You can also fully manually manage all this by overriding some specific 'voodoo' methods (a method with a specific name. Java is ordinarily not structurally typed, but these relics of 25 years in the past, such as psv main and these methods, are the only structurally typed things in all of java).

In addition, the binary format of this data is more or less 'closed', it is not obvious, not easy to decode, and few libraries exist.

So, the upshot is:

• It is a finicky, error ridden process.
• Updating anything you serialize is a pain in the behind.
• You stand no chance of ever reading this wire protocol with any programming language except java.
• The format is neither easy to read, nor easy to work with, nor particularly compact.

This leads to the inevitable conclusion: Don't use ObjectOutputStream.

Instead, use other serialization frameworks that weren't designed 25 years ago, such as JSON or XML marshallers like google's GSON or Jackson.

NB: In addition your code is broken. Whenever you make a resource, you must also close it, and as code may exit before you get there, the only solution is a special construct. This is how to do it:

try (OutputStream out = socket.getOutputStream()) { .. do stuff here .. }

note that no matter how code 'escapes' from the braces, be it normally (run to the end of it), or because you return/break/continue out of it, or an exception is thrown, the resource is closed.

This also means assigning resources (anything that implements AutoClosable, like Socket, InputStream, and OutputStream, does so) to fields is broken, unless you make the class itself an AutoClosable, and whomever makes it, does so in one of these try-with blocks.
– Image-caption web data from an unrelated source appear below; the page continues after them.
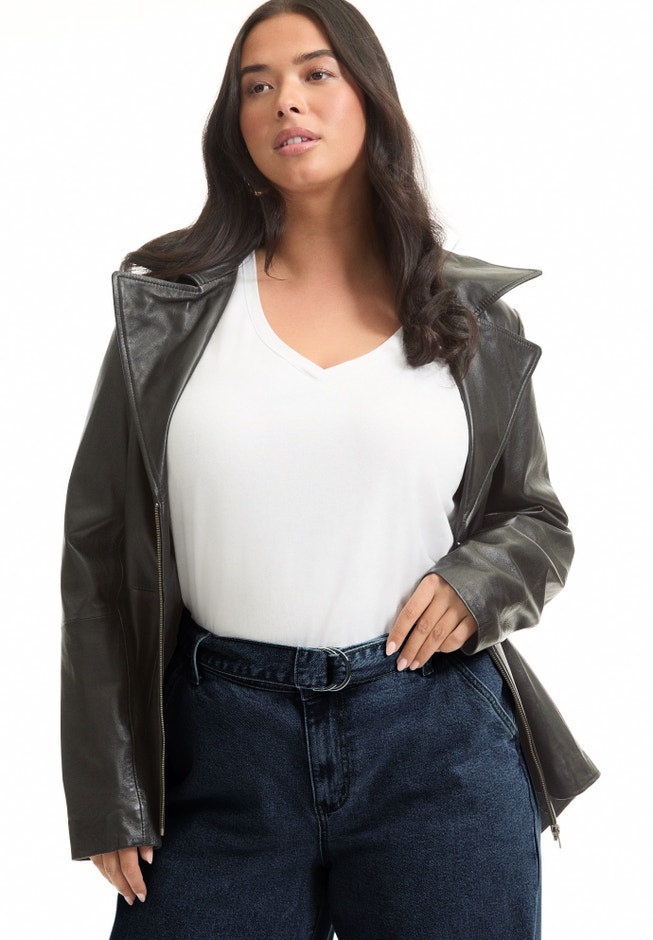 Curvie Fit High-Waisted Wide-Leg Utility Jean image number 2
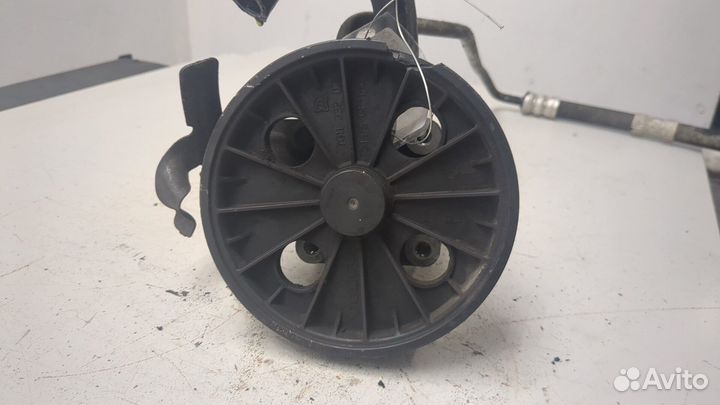 Гур Volvo V70, 2003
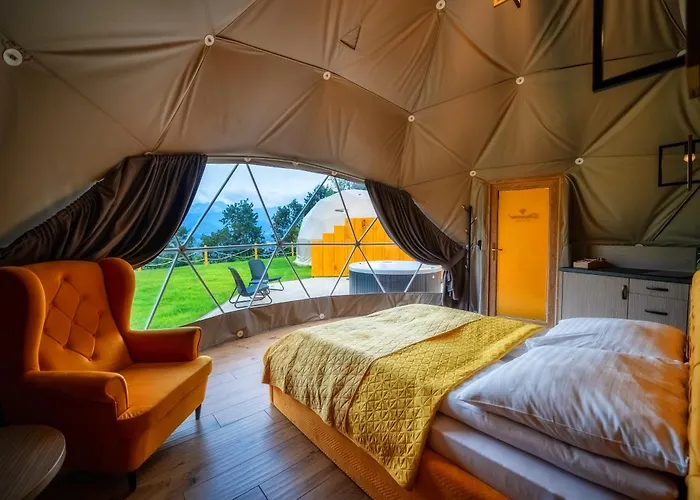 خيمة فخمة Diamond Glamp & Jacuzzi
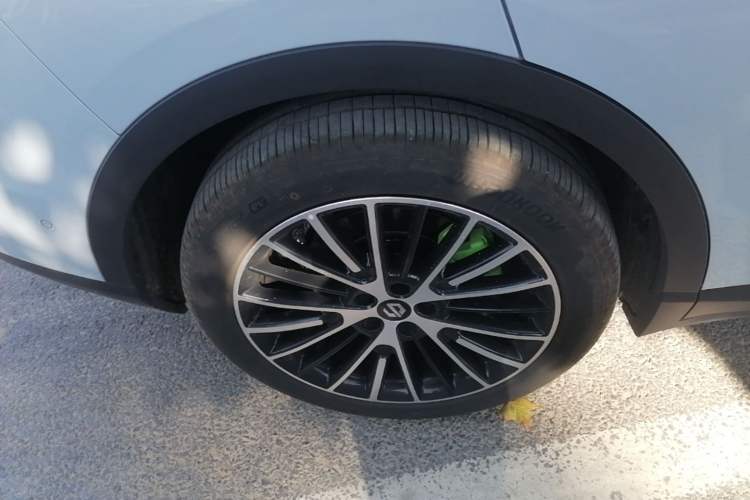 Used Leapmotor C11 2026 All-Electric 640 LiDAR Prestige Edition Right Rear Wheel Hub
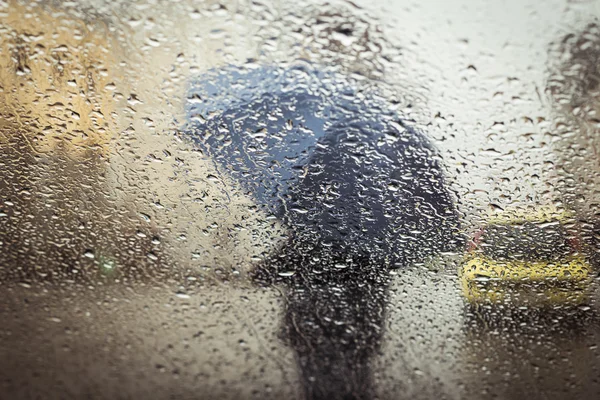 Şemsiye ile bulanık bir siluet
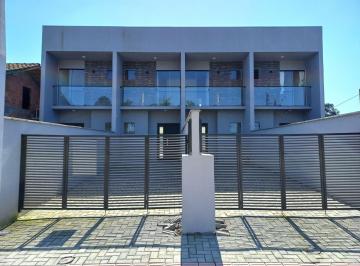 Casa · 85m² · 2 Quartos · 2 Vagas · Sobrado à venda no bairro Nova Brasília - Joinville/SC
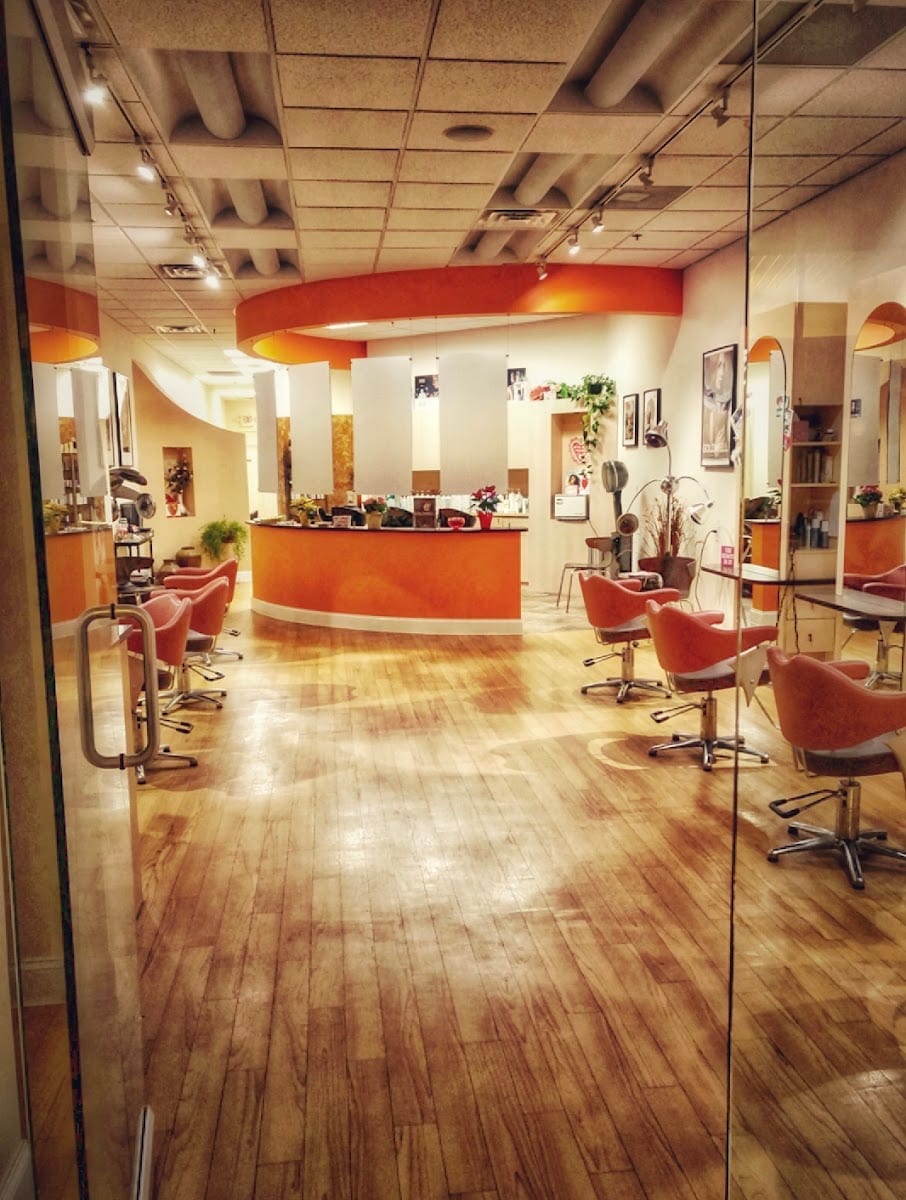 Color Couture Salon & Spa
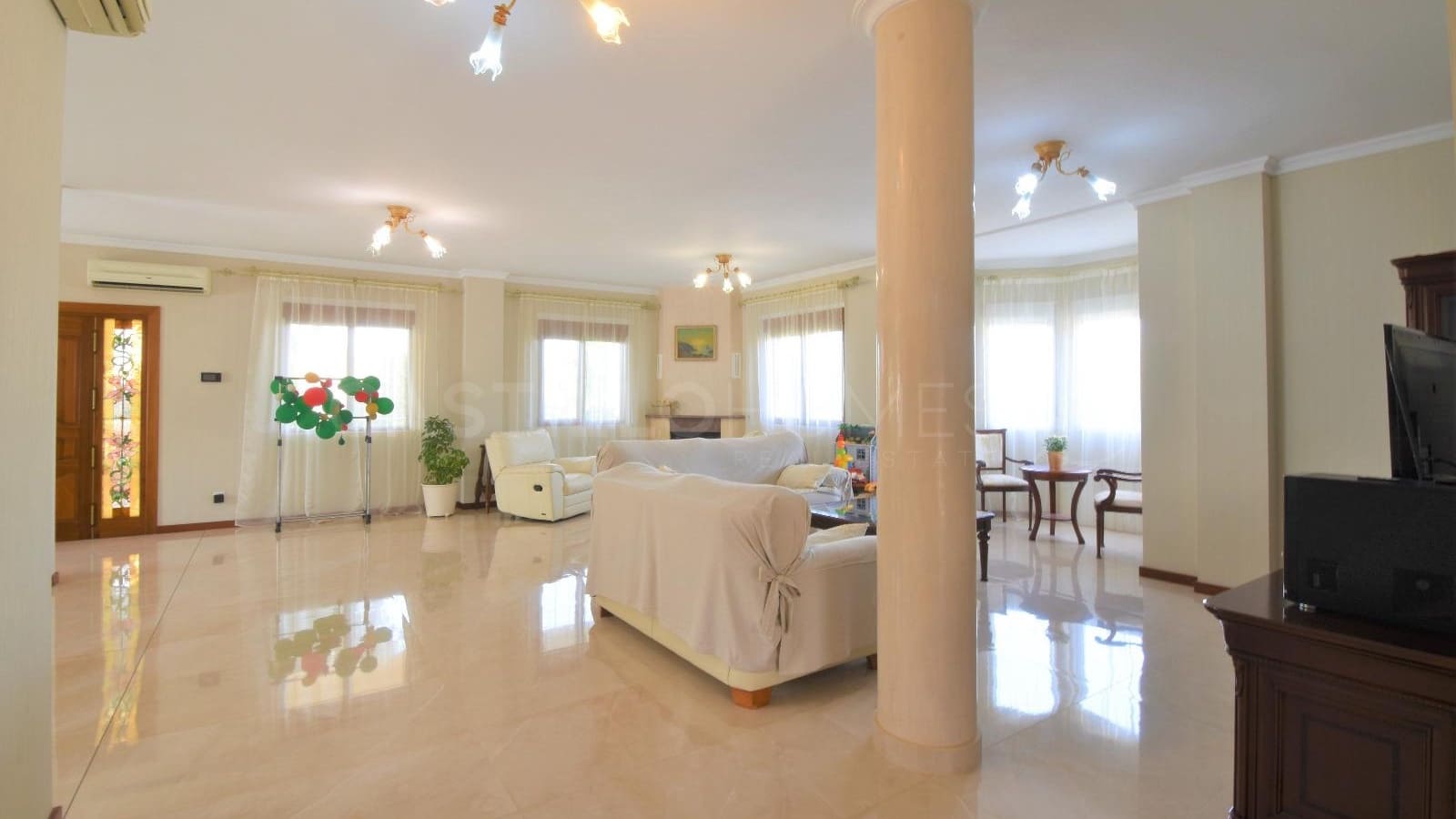 Chalet de 5 habitaciones en Ciudad Quesada en venta con piscina - 690.000 € (Ref: 8970762)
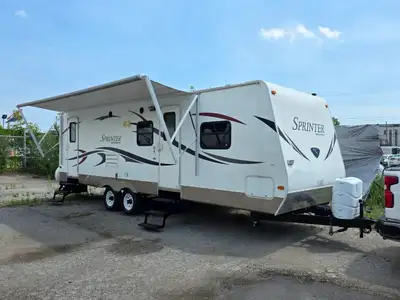 Selling my Sprinter travel trailer Double doors 32 ft long 1 slide out 16ft long 28ft power awning 6...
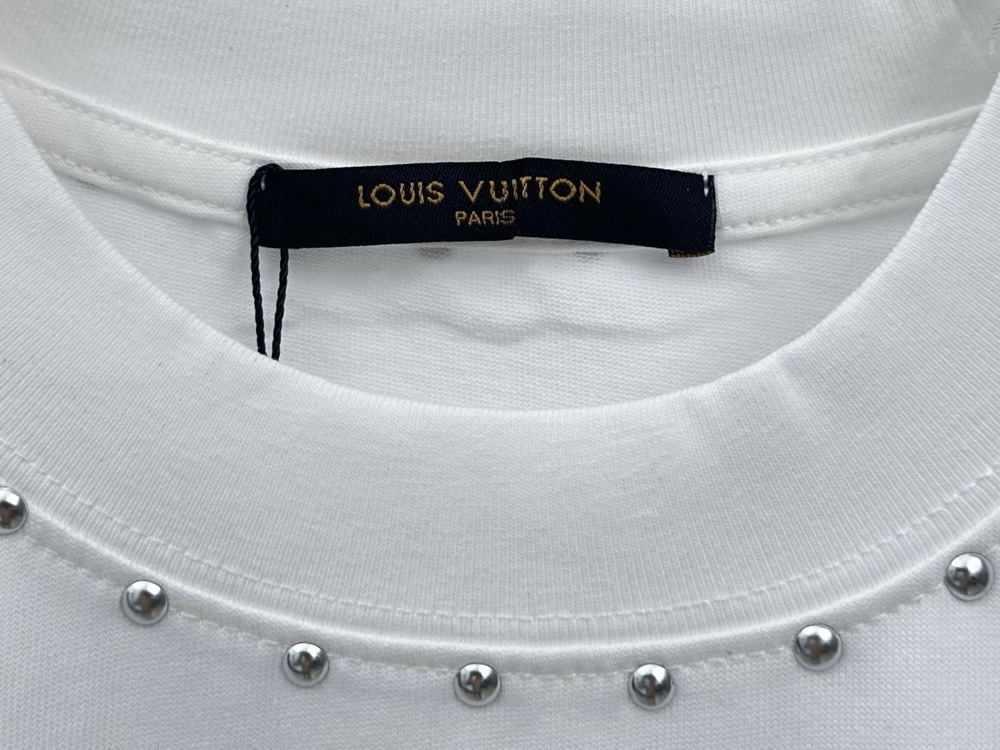 LV 高仿 男款 鑲鑽Logo短袖T恤 簡約高級百搭款| 12 LV 高仿 男款 鑲鑽Logo短袖T恤 簡約高級百搭款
Finally, don't catch exceptions unless you can actually handle them, and 'printStackTrace' doesn't count. If you have no idea how to handle it, throw it onwards; declare your methods to 'throws IOException'. main can (and should!) generally be declared as throws Exception. If truly you can't, the 'stand in', forget-about-it correct way to handle this, and update your IDE to generate this instead of the rather problematic e.printStackTrace(), is this:

catch (ThingICantHandleException e) {
    throw new RuntimeException("unhandled", e);
}

Not doing so means your code continues whilst the process is in an error state, and you don't want that.